Given information
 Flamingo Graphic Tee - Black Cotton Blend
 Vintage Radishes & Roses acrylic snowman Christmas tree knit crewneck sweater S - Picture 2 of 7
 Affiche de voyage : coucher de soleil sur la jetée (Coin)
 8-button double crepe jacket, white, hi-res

...

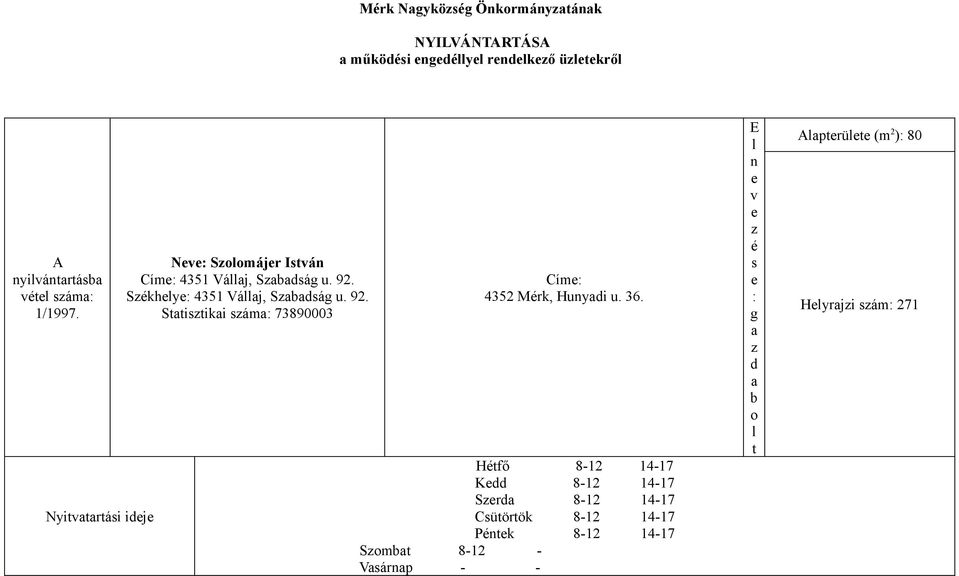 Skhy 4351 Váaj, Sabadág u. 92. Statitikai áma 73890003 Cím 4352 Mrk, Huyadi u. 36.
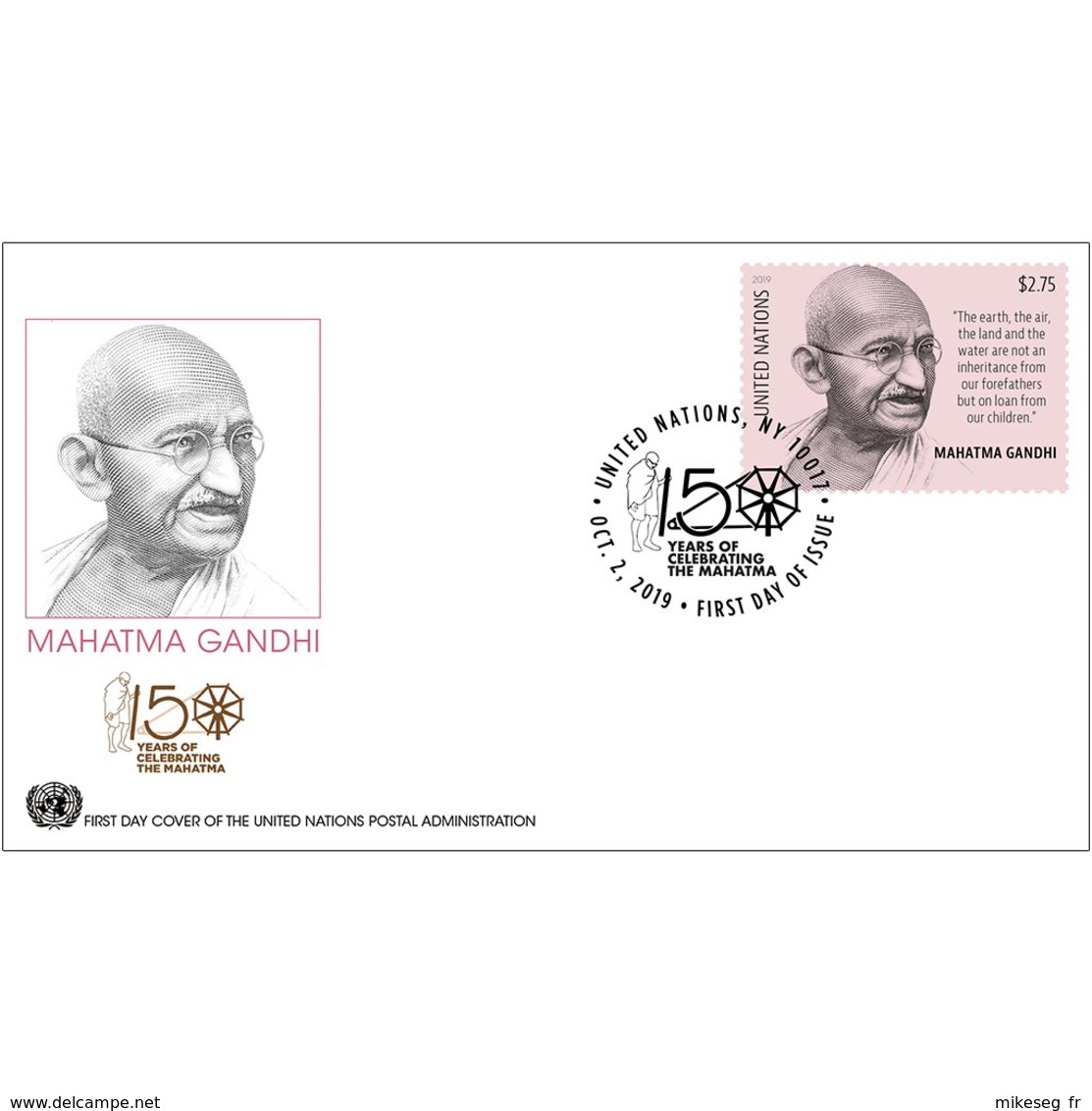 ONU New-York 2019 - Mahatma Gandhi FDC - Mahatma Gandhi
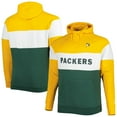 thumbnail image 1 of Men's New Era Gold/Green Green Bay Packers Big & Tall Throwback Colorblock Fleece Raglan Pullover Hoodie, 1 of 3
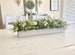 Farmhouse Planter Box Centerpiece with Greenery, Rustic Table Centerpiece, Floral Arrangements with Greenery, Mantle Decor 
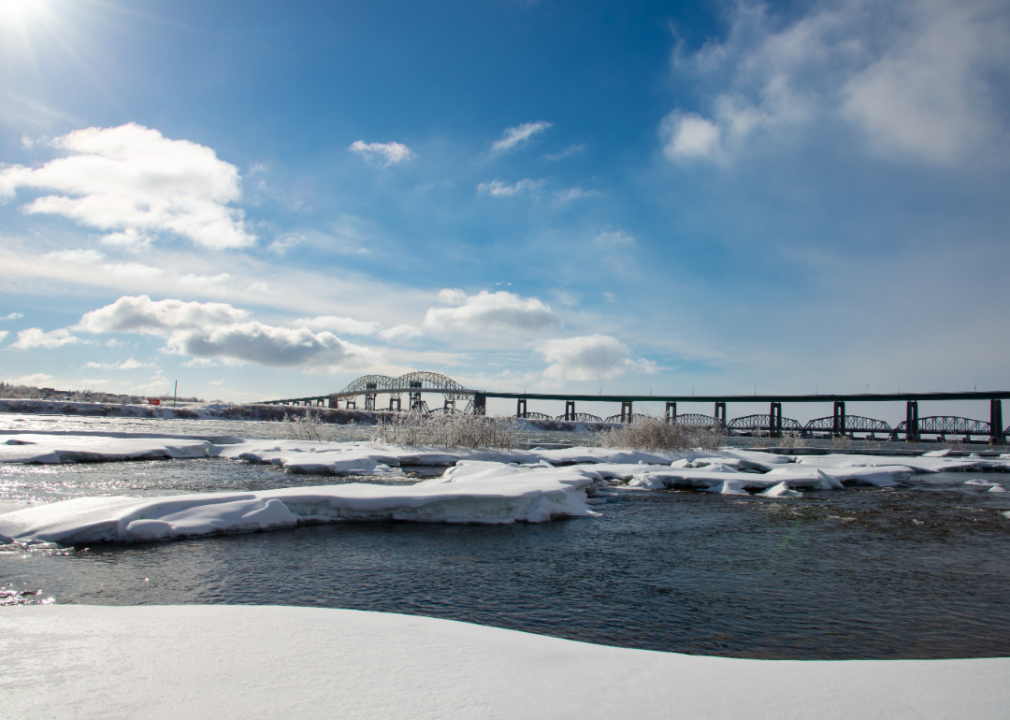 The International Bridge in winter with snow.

Exercise goal
Print, without alteration, only the lines above between the one holding "Flamingo Graphic Tee - Black Cotton Blend" and the one holding "8-button double crepe jacket, white, hi-res", inclusive.

Exercise solution
 Flamingo Graphic Tee - Black Cotton Blend
 Vintage Radishes & Roses acrylic snowman Christmas tree knit crewneck sweater S - Picture 2 of 7
 Affiche de voyage : coucher de soleil sur la jetée (Coin)
 8-button double crepe jacket, white, hi-res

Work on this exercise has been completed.